The problem? Comparing two suffixes costs $O (n)$ in the worst case, and sorting $n$ items with comparison sort is $O (n \log n)$ comparisons, so naive construction is $O (n^{2} \log n)$ . For $n = 10^{5}$ that is roughly $10^{11.7}$ character comparisons -- way too slow.

We need a way to sort suffixes where each comparison is $O (1)$ , not $O (n)$ .

Sort suffixes by doubling -- first by 1 character, then 2, then 4, ... -- using the previous round's ranks to compare in $O (1)$ , giving $O (n \log n)$ total.

Here is the idea built from scratch:

Round 0. Rank every suffix by its first character alone. This is just sorting single characters -- $O (n)$ via counting sort, or $O (n \log n)$ via comparison sort.
Round 1. Now sort by the first 2 characters. But we already know the rank of every suffix by its first character. So the first-2-character key for suffix $i$ is the pair $(rank [i], rank [i + 1])$ . Comparing two pairs of integers is $O (1)$ .
Round 2. Sort by the first 4 characters. The key for suffix $i$ is $(rank [i], rank [i + 2])$ -- the rank of the first-2 block and the rank of the second-2 block (which starts at $i + 2$ ). Again $O (1)$ per comparison.
General round $k$ . Sort by the first $2^{k}$ characters using the pair $(rank [i], rank [i + 2^{k - 1}])$ . Each round is one sort of $n$ items with $O (1)$ comparisons.
Termination. After $⌈ \log_{2} n ⌉$ rounds the prefix length exceeds $n$ , so we are sorting by the full suffix. Total: $O (\log n)$ rounds $\times$ $O (n \log n)$ sort $= O (n \log^{2} n)$ , or $O (n \log n)$ if each round uses radix sort on pairs.

Once the suffix array is built, the LCP array (longest common prefix between each pair of adjacent sorted suffixes) solves "longest repeated substring" in $O (n)$ via Kasai's algorithm, which exploits the identity $lcp [i] \geq lcp [i - 1] - 1$ when traversing in text order.

Visual Walkthrough

String: "banana$" ( $n = 7$ , $ is a sentinel smaller than all letters.)

All suffixes:

  i=0: banana$
  i=1: anana$
  i=2: nana$
  i=3: ana$
  i=4: na$
  i=5: a$
  i=6: $

Round k=0 -- rank by first 1 character:

  char:  b   a   n   a   n   a   $
  rank: [1,  0,  2,  0,  2,  0, -1]
        ($ mapped to -1, a=0, b=1, n=2)

Round k=1 -- rank by first 2 characters, key = (rank[i], rank[i+1]):

  i : pair            meaning
  0 : (1, 0)          "ba"
  1 : (0, 2)          "an"
  2 : (2, 0)          "na"
  3 : (0, 2)          "an"
  4 : (2, 0)          "na"
  5 : (0,-1)          "a$"
  6 : (-1,*)          "$"   (* = out-of-bounds -> -inf)

  Sort pairs -> re-rank:
  rank: [3,  2,  4,  2,  4,  1,  0]
         b   a   n   a   n   a   $

Suffixes 1 and 3 share rank 2 (both start with "an"), and suffixes 2 and 4 share rank 4 (both start with "na"). Ties remain -- we need more rounds.

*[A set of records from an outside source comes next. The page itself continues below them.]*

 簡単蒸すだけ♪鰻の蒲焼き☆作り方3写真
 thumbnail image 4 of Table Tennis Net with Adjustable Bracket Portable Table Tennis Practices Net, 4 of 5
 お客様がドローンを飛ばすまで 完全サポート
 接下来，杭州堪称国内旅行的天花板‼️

Round k=2 -- rank by first 4 characters, key = (rank[i], rank[i+2]):

  i : pair            meaning
  0 : (3, 4)          "bana"
  1 : (2, 2)          "anan"
  2 : (4, 4)          "nana"
  3 : (2, 1)          "ana$"
  4 : (4, 0)          "na$"
  5 : (1, *)          "a$"
  6 : (0, *)          "$"

  Sort pairs in ascending order, then re-rank:
  rank: [4,  3,  6,  2,  5,  1,  0]
         b   a   n   a   n   a   $

Every pair above is distinct (the second component breaks the round-1 ties on "an" and "na"), so each suffix gets a unique rank. We can stop -- once all $n$ ranks are distinct, the sort is complete.

Final suffix array (read off sorted order):

  sa[0] = 6   $
  sa[1] = 5   a$
  sa[2] = 3   ana$
  sa[3] = 1   anana$
  sa[4] = 0   banana$
  sa[5] = 4   na$
  sa[6] = 2   nana$

That is the suffix array: a permutation of $[0, n)$ ordering suffixes lexicographically. By itself it already solves "kth smallest substring" and "binary-search a pattern in $O (m \log n)$ ." Most of the famous applications, though, need one more array.

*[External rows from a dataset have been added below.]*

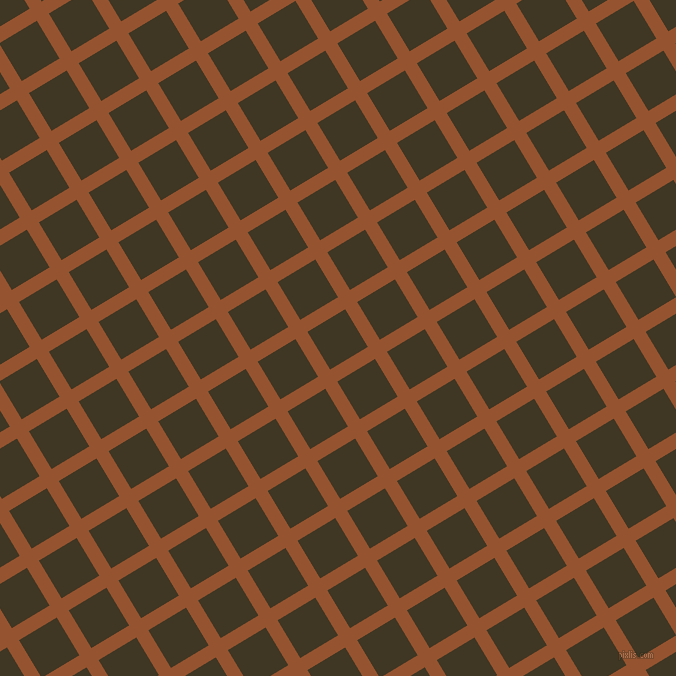 31/121 degree angle diagonal checkered chequered lines, 14 pixel lines width, 44 pixel square size, plaid checkered seamless tileable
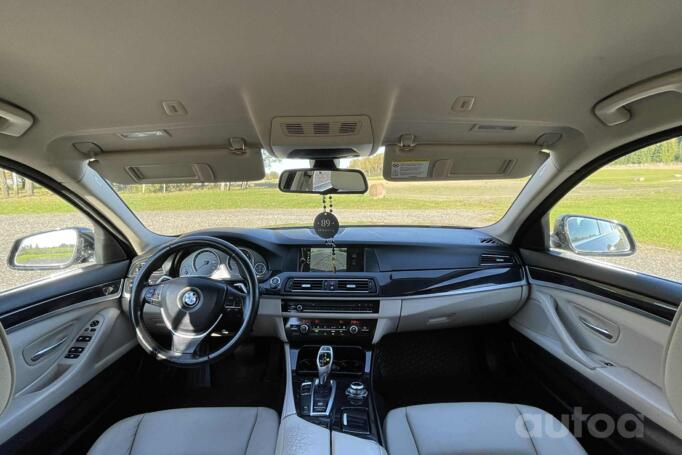 BMW 5 Series F07/F10/F11 Touring wagon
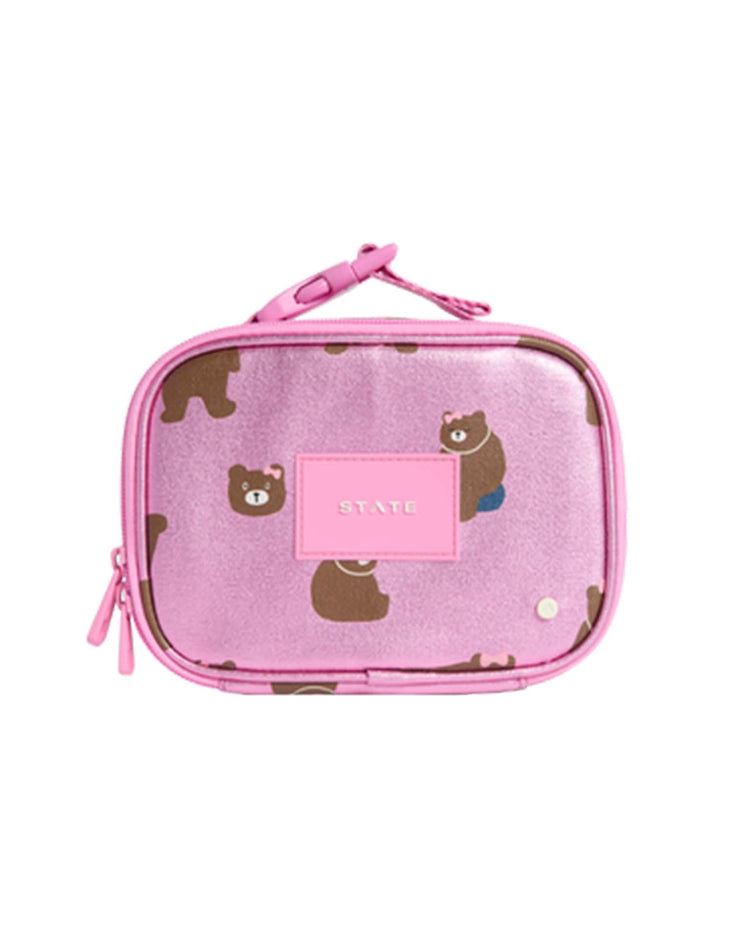 Little state bags accessories mini rodgers snack pack in bears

Past the construction: what the LCP array buys you

After the suffix array is built, the LCP array records the longest common prefix between each pair of adjacent sorted suffixes. The reason that is enough -- the reason we never need LCPs of arbitrary pairs to solve "longest repeated substring" or "count distinct substrings" -- is a neat structural fact:

For any $i < j$ in sorted order, $lcp (sa [i], sa [j]) = min (lcp [i + 1], \dots, lcp [j])$ .

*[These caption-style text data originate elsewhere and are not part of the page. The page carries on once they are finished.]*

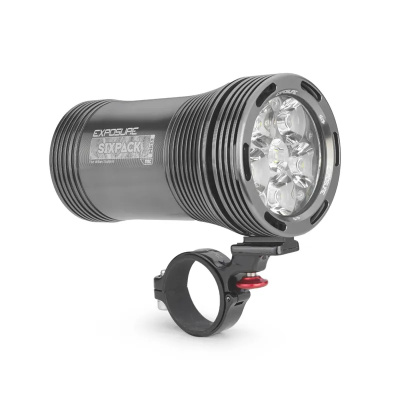 Exposure Six Pack Sync Mk5 MTB Bluetooth Front Bike Light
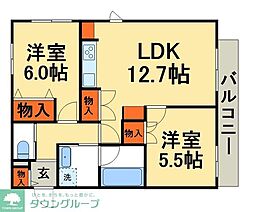 ベルジュ柏旭町 301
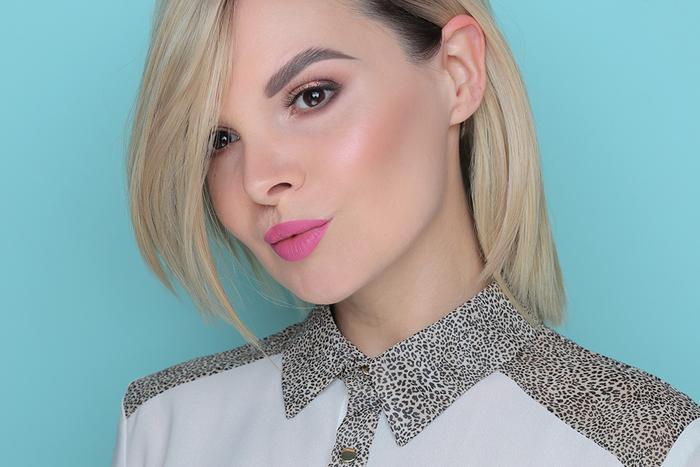 Пошаговый урок макияжа глаз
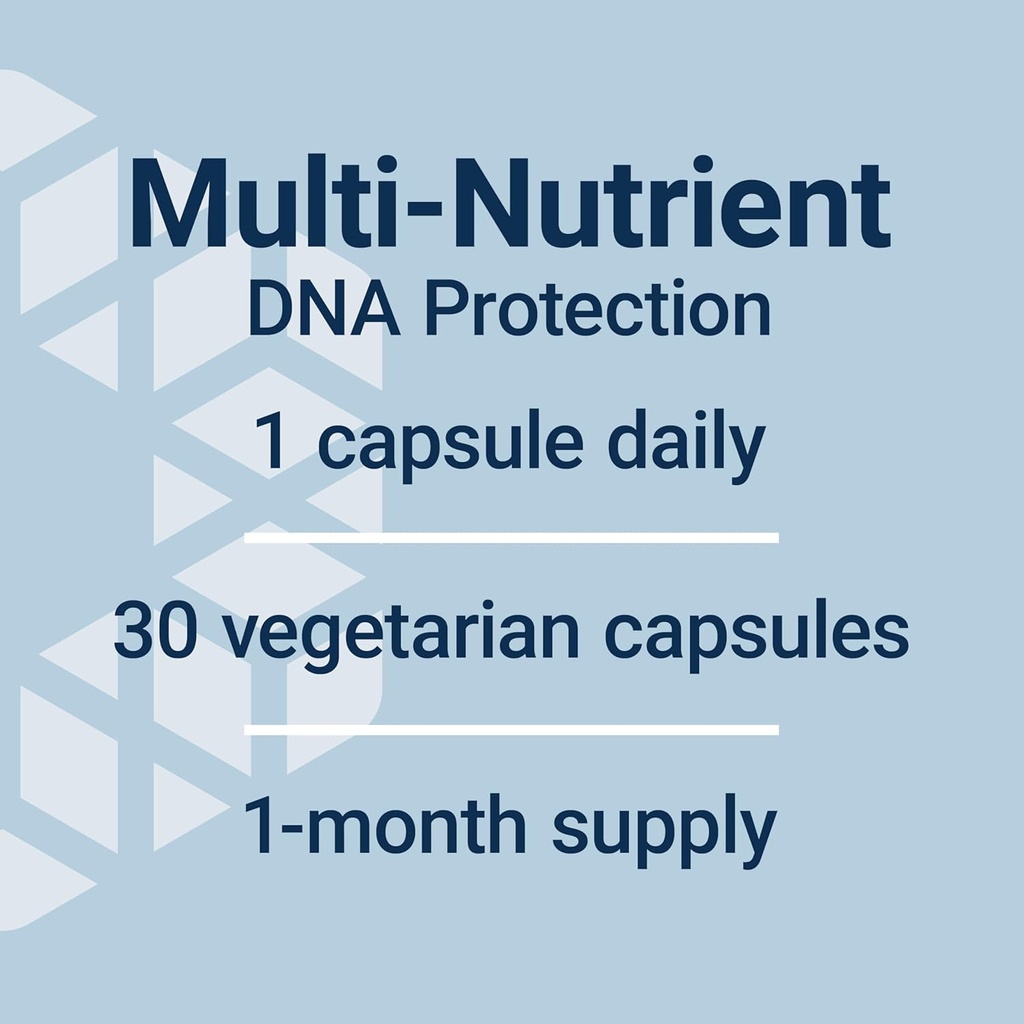 Life Extension DNA Protection Formula, DNA Health Support, Nutrition Focused, antioxidants, Hops, Watercress, chlorophyllin, zinc, Once-Daily, Gluten-Free, Non-GMO, 60 softgels 5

So adjacent LCPs subsume non-adjacent ones via range-minimum queries. That is why "distinct substrings" only needs $\sum lcp [i]$ and "longest repeated substring" only needs $max lcp [i]$ .

Kasai's LCP computation (traverse in text order, maintain height $h$ ):

  Sorted suffixes:             LCP with predecessor:
  sa[0]=6:  $                  ---
  sa[1]=5:  a$                 lcp[1] = 0
  sa[2]=3:  ana$               lcp[2] = 1   ("a")
  sa[3]=1:  anana$             lcp[3] = 3   ("ana")
  sa[4]=0:  banana$            lcp[4] = 0
  sa[5]=4:  na$                lcp[5] = 0
  sa[6]=2:  nana$              lcp[6] = 2   ("na")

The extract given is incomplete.